##### Provided records
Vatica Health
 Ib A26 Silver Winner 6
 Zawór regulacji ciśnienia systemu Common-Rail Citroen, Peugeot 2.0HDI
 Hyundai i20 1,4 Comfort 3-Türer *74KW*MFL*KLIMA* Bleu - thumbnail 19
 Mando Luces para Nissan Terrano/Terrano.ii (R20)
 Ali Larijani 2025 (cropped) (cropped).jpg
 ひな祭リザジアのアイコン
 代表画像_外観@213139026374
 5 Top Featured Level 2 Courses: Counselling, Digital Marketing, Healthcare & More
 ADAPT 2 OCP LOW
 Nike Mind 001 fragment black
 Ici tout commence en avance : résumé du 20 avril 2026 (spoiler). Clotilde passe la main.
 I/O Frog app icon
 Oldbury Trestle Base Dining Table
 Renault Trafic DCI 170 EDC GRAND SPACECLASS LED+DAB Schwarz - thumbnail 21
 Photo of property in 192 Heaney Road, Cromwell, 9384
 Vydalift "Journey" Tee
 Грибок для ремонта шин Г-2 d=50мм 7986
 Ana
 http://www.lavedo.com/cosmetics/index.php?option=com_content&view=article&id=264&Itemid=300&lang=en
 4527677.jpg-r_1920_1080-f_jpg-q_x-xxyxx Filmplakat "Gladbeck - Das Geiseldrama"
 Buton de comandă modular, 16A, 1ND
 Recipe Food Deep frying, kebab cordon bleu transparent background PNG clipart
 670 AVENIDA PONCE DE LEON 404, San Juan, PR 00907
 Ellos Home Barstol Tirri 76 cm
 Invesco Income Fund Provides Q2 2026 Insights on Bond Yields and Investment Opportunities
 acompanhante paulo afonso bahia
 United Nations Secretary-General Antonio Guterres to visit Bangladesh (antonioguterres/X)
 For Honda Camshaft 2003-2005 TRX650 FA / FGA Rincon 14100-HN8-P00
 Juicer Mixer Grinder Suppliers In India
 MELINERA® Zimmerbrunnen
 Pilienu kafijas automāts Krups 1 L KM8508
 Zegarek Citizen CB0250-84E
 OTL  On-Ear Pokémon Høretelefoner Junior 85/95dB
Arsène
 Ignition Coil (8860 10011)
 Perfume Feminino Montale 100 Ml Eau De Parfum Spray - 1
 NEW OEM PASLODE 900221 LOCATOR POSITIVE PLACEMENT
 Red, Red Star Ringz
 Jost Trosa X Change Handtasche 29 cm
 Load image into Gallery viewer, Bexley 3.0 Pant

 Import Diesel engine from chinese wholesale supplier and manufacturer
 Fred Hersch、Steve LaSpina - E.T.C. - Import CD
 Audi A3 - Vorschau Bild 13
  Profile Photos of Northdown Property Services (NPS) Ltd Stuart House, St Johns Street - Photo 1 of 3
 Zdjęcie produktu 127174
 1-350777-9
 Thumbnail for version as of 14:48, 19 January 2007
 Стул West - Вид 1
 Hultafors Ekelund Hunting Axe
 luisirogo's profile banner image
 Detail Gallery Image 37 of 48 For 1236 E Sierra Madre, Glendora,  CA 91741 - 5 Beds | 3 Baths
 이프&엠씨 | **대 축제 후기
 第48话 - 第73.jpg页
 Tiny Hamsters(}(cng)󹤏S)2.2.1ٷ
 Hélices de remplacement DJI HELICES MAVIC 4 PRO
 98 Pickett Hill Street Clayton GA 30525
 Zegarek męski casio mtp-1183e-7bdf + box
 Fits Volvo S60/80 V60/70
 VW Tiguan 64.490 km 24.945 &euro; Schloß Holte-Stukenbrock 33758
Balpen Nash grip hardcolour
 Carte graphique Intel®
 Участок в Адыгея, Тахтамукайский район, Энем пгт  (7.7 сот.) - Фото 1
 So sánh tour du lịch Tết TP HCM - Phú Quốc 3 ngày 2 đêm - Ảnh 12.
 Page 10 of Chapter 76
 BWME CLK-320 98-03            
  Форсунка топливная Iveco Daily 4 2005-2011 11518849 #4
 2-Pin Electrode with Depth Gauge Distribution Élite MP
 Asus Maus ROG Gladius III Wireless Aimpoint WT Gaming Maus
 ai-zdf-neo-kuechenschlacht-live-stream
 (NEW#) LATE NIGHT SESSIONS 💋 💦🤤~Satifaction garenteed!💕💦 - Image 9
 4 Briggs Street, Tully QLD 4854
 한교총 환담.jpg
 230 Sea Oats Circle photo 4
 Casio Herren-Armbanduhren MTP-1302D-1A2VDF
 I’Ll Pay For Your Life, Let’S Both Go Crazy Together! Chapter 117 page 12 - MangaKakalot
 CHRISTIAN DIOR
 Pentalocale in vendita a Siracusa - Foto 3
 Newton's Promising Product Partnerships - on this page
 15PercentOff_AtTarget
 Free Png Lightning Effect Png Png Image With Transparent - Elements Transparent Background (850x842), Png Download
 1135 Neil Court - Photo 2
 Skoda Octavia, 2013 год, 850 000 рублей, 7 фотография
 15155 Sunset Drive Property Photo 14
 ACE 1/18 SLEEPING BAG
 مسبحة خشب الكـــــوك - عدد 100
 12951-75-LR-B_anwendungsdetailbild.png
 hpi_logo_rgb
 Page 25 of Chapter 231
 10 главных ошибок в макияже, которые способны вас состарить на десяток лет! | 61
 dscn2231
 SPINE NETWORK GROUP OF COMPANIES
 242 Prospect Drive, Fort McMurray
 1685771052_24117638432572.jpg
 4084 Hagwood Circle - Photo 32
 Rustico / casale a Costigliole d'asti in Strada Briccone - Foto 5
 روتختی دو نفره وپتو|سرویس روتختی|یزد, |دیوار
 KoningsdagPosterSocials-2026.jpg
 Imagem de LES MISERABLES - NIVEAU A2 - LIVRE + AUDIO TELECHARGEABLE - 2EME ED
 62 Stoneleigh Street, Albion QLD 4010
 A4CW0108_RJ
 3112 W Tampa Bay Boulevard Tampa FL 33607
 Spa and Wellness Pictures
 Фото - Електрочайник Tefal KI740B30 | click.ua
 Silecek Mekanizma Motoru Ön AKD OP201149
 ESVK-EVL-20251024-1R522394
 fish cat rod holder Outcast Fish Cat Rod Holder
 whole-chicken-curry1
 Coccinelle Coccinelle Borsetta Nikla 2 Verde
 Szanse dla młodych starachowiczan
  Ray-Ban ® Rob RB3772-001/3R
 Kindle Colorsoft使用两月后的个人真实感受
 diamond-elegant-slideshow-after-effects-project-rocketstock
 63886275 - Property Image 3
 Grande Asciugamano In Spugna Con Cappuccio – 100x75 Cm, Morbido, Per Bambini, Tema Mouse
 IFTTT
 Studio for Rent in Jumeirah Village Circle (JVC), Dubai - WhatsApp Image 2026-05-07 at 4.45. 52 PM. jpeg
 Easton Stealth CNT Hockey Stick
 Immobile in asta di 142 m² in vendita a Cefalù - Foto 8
##########
Print exactly the lines of the listing above starting at the line containing "Silecek Mekanizma Motoru Ön AKD OP201149" and ending at the line containing "Studio for Rent", both included.

 Silecek Mekanizma Motoru Ön AKD OP201149
 ESVK-EVL-20251024-1R522394
 fish cat rod holder Outcast Fish Cat Rod Holder
 whole-chicken-curry1
 Coccinelle Coccinelle Borsetta Nikla 2 Verde
 Szanse dla młodych starachowiczan
  Ray-Ban ® Rob RB3772-001/3R
 Kindle Colorsoft使用两月后的个人真实感受
 diamond-elegant-slideshow-after-effects-project-rocketstock
 63886275 - Property Image 3
 Grande Asciugamano In Spugna Con Cappuccio – 100x75 Cm, Morbido, Per Bambini, Tema Mouse
 IFTTT
 Studio for Rent in Jumeirah Village Circle (JVC), Dubai - WhatsApp Image 2026-05-07 at 4.45. 52 PM. jpeg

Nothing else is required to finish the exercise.